Oil markets have also turned against the Kremlin. Escalating efforts to enforce the G-7 price cap are effective primarily because of growing consensus that demand is weakening. OPEC+ barely agreed to a coherent communique out of its last meeting and oil prices are hovering below $ 80 a barrel thanks to a cumulative 5 million barrels a day of oil production cuts by members that have been exposed as ‘voluntary.’ Tighter scrutiny on shipping firms has begun to dissuade Greek shippers from taking on contracts, but is most effective because a buyer’s market gives third-parties and importers more latitude to demand discounts and other concessions.
Structurally, the Russian budget can only maintain the 1−2% GDP deficit target by increasing taxes on business. This process then denies businesses profits that can be invested into production, efficiency enhancements, and other needs. Raising taxes on households will eventually make more sense since wage increases are huge without a concurrent domestic expansion of consumer durables production, creating constant risk of downwards pressure on the ruble as imports rise relative to weaker export earnings. The US government’s stated goal of halving Russia’s oil & gas revenues by 2030 is achievable by market trends alone. Though there remains space for the Ministry of Finance to offset these losses, doing so will weaken the economy’s capacity to sustain any further expansions of output needed to fight the war.
No solutions can fix other structural problems hindering Russia’s evolution into a wartime economy. Shortages of project cargo equipment have pushed shippers to rely more heavily on railways struggling to adapt to the economy’s pivot eastwards. Where the average cargo delivery from St. Petersburg or Novorossiysk once traveled 2,000 km, its journey is now more like 8,000 km. The recent Ukrainian-backed sabotage of crucial rail chokepoints for rail delivery between China and Russia in Siberia point to another set of problems: spending on infrastructure security, the immense distances military deliveries frequently travel, and the costs they impose driving up transport prices — terrible for small and medium-sized businesses — as well as risks of considerable disruptions from two decades of underinvestment in additional rail capacity.

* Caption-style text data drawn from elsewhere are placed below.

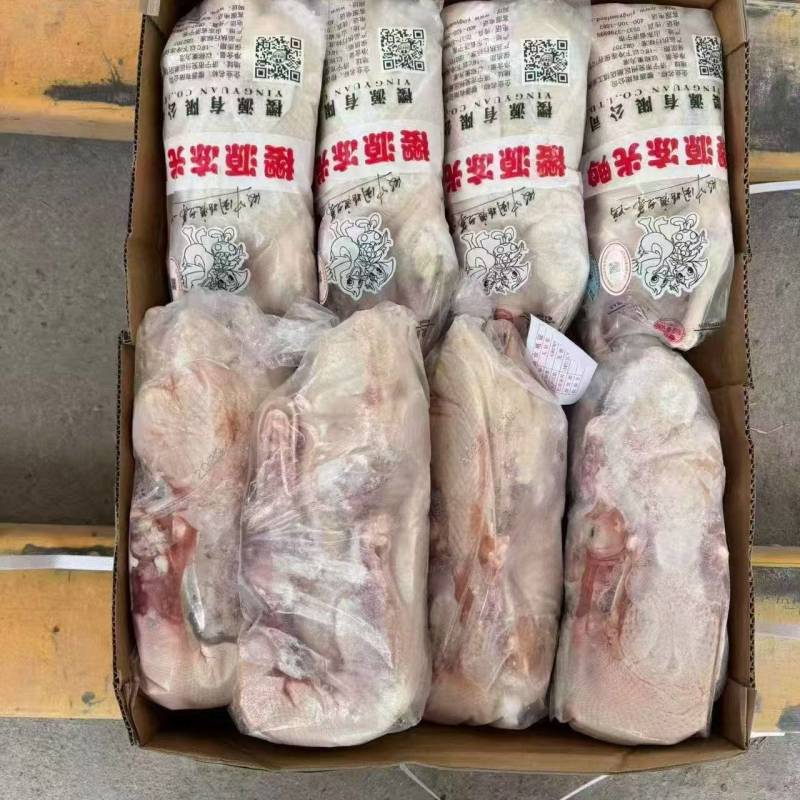 大日期大白条鸭1750g，500件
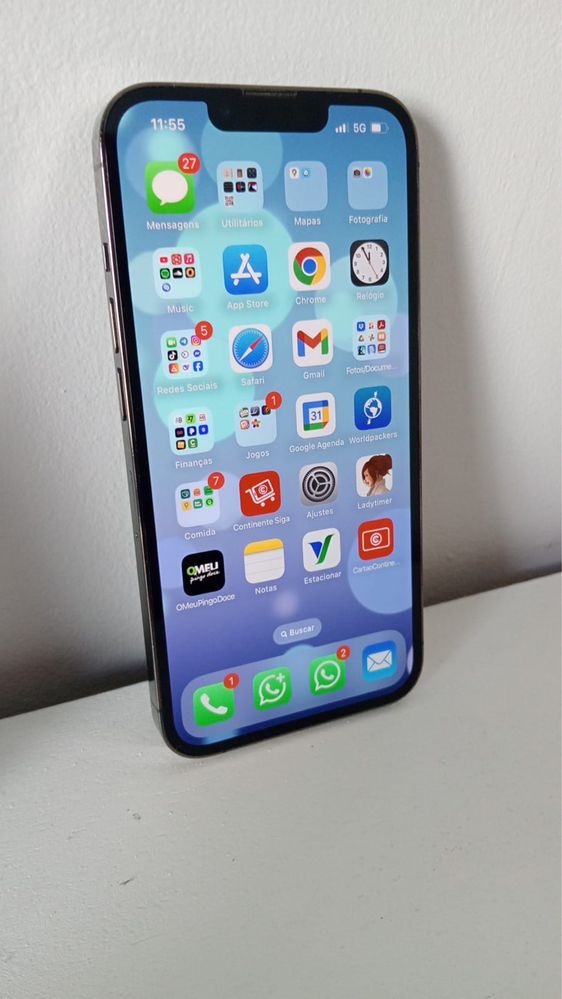 Iphone 13 Pro 256G - GRAFITE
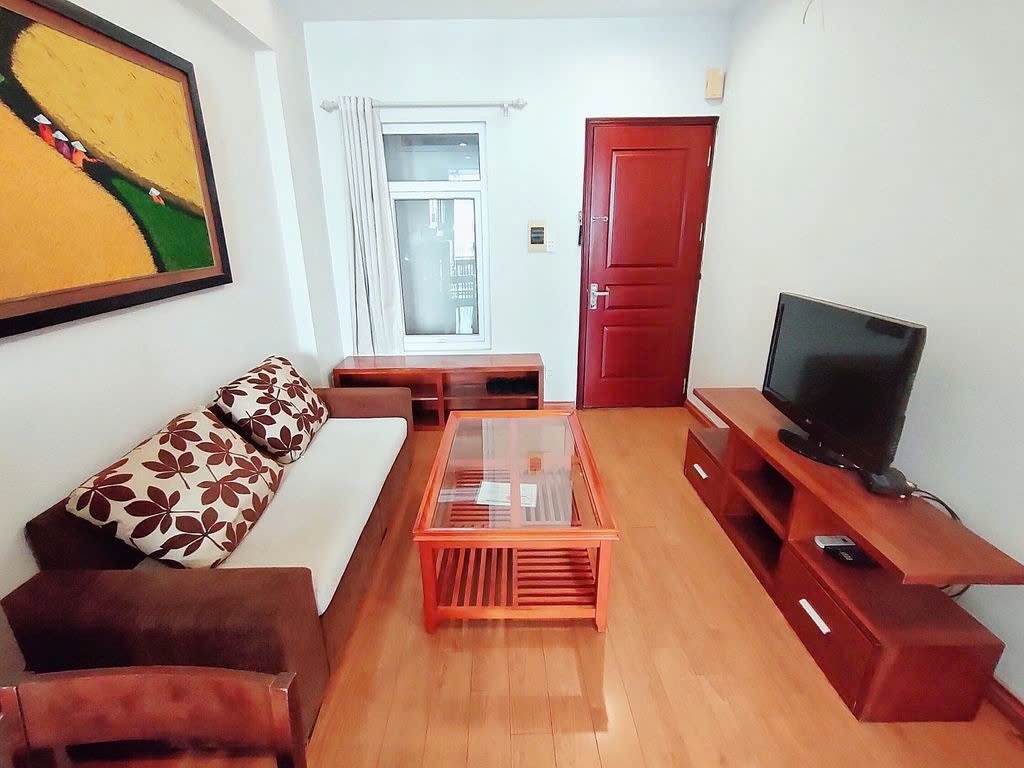 Phòng trọ PTC House 3 Liễu Giai - Ba Đình  - Phòng (*)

Ukraine and Russia are now engaged in what will be a very long, constantly active and all-encompassing war, one in which Russia maintains distinct advantages in sheer weight of numbers and resources over Ukraine that cannot be ignored. But many of these advantages are eroding as the economic system that holds them together is destabilized and facing significant difficulties further expanding its ability to produce materiel. The next military expansion alone will erase nearly half of the remaining surplus labor in the country when it can least afford to give workers political bargaining power. Even if western sanctions pose only short-term irritants or constraints, they can force a traditionally slow-moving political system that operates by its own curious, coercive consensus to make far more difficult decisions than it has made thus far.